"""
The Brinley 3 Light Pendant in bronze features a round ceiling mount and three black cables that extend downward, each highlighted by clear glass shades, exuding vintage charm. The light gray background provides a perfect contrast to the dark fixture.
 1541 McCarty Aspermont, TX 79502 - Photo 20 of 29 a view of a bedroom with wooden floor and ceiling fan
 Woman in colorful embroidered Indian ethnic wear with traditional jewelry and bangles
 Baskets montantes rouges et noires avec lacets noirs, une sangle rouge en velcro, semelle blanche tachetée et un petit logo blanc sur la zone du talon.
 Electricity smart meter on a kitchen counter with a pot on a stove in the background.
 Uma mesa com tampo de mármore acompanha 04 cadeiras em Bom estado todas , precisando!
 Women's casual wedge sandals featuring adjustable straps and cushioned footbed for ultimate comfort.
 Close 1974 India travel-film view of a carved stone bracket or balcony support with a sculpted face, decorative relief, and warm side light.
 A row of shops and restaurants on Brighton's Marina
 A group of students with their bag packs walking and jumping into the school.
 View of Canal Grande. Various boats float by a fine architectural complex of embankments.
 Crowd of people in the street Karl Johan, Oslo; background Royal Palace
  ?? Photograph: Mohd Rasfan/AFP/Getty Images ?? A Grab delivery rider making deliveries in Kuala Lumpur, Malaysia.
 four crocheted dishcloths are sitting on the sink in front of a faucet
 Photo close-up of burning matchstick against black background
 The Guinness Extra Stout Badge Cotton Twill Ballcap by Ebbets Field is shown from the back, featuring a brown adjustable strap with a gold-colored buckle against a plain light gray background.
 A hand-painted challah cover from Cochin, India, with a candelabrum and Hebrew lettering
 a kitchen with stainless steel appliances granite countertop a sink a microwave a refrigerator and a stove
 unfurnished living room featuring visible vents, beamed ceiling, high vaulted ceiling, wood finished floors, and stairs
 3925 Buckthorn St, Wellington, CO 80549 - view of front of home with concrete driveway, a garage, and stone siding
"""
> _HOW TO COMPLETE THIS TASK_: Give back exactly the lines from the line holding "A hand-painted challah" through the last line of the listing, including both.

> _SOLUTION TO THIS TASK_:
 A hand-painted challah cover from Cochin, India, with a candelabrum and Hebrew lettering
 a kitchen with stainless steel appliances granite countertop a sink a microwave a refrigerator and a stove
 unfurnished living room featuring visible vents, beamed ceiling, high vaulted ceiling, wood finished floors, and stairs
 3925 Buckthorn St, Wellington, CO 80549 - view of front of home with concrete driveway, a garage, and stone siding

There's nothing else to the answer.